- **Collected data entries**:
───
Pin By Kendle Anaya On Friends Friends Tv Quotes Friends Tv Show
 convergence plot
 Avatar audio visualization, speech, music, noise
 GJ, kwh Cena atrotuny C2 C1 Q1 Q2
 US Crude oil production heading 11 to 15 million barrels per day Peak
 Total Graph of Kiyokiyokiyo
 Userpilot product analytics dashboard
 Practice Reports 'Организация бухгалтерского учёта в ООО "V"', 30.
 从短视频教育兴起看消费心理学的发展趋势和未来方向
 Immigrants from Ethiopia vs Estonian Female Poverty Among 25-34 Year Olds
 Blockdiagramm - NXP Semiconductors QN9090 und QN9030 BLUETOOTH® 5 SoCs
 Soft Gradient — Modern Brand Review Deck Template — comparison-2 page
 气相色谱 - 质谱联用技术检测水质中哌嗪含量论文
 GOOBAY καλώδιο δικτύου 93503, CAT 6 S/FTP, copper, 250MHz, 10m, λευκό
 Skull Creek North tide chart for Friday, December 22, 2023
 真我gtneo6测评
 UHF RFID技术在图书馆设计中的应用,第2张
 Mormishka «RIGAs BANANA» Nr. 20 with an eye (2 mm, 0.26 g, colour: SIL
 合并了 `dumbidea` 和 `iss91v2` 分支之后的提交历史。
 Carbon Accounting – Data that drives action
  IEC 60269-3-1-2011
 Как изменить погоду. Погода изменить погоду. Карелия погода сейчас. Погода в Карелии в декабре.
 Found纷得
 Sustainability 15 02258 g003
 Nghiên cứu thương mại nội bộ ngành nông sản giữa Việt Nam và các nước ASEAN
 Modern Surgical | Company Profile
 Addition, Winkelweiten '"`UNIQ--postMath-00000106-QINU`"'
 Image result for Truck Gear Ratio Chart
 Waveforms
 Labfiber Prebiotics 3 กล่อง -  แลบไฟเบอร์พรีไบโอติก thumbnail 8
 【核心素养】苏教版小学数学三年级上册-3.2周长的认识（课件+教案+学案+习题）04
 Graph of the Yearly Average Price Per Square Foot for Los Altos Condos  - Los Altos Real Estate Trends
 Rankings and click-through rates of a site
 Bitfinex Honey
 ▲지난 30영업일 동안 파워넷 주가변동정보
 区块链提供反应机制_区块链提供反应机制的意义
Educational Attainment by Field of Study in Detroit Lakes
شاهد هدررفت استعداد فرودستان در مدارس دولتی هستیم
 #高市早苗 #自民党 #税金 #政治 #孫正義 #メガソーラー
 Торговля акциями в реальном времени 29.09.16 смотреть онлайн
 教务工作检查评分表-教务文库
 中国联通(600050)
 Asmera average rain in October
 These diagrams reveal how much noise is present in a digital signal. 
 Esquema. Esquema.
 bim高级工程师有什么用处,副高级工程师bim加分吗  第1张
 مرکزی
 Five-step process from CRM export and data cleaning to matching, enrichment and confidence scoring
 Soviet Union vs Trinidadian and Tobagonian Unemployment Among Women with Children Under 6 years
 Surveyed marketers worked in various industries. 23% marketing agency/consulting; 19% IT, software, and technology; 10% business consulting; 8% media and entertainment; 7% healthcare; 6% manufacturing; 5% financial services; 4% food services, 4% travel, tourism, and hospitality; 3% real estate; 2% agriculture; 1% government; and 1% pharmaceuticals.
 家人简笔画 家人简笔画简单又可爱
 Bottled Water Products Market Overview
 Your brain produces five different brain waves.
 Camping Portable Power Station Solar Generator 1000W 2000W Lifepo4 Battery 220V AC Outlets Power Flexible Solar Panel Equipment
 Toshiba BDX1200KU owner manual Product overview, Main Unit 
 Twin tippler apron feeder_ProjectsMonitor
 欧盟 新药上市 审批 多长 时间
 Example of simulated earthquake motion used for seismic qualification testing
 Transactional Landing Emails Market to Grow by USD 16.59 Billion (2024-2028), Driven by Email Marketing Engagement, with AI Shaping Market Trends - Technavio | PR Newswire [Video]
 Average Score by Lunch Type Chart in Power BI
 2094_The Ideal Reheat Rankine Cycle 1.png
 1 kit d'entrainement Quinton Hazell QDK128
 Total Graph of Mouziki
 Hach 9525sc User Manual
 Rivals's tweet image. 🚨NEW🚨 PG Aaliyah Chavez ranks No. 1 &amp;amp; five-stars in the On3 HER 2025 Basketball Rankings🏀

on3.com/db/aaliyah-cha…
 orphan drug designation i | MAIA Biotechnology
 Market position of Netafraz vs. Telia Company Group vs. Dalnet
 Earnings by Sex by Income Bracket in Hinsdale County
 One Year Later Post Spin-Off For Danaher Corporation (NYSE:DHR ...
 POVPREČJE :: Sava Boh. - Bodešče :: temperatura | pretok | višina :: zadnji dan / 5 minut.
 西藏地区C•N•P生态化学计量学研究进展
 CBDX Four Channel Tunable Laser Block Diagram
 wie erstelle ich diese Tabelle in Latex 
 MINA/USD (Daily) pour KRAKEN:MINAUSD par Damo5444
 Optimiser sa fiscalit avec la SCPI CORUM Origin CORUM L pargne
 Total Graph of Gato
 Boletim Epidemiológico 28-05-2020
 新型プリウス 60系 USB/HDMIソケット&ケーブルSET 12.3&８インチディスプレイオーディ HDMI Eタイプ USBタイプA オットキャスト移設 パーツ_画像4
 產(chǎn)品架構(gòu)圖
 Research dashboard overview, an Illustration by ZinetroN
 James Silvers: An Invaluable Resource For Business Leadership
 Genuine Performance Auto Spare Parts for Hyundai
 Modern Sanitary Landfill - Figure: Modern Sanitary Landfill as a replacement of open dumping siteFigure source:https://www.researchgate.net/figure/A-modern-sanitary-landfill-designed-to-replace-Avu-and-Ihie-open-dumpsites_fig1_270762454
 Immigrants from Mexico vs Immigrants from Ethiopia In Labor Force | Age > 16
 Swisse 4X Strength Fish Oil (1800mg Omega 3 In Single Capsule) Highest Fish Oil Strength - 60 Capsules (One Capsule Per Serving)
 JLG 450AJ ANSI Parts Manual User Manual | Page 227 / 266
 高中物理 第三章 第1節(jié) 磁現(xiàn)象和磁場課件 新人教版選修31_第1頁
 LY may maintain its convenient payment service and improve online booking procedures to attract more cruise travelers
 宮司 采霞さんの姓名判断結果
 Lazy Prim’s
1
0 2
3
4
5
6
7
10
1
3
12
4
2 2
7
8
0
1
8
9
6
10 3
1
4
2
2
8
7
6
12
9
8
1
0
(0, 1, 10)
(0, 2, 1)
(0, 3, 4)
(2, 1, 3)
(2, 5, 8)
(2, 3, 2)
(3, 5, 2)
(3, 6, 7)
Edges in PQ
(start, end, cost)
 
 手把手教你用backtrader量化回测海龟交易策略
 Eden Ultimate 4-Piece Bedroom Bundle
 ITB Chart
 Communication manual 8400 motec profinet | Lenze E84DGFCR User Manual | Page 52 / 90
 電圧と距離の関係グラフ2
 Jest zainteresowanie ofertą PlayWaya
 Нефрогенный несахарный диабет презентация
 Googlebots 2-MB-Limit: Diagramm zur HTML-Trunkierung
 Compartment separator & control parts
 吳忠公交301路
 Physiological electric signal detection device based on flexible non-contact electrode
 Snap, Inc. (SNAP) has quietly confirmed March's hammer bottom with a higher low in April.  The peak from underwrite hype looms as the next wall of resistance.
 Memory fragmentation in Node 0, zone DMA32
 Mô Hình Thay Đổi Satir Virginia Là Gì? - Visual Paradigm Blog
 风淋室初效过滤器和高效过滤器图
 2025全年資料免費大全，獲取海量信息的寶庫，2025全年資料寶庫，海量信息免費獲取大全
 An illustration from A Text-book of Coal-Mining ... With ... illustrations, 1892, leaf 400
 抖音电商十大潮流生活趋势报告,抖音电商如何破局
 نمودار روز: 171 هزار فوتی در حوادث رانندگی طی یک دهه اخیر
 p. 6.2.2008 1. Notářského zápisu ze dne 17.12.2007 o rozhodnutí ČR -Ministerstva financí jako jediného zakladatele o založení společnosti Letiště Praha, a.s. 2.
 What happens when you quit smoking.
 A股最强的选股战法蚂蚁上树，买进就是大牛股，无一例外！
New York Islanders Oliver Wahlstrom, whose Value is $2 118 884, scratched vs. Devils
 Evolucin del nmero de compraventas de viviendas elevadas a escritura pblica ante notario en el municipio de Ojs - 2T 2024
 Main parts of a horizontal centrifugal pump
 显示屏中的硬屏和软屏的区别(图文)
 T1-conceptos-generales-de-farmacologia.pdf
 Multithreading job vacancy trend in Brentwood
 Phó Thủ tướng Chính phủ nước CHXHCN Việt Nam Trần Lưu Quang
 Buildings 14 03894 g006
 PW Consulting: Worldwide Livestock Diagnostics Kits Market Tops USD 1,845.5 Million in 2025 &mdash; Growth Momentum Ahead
───
All lines of the entries containing the string "Total" must be shown in full.

 Total Graph of Kiyokiyokiyo
 Total Graph of Mouziki
 Total Graph of Gato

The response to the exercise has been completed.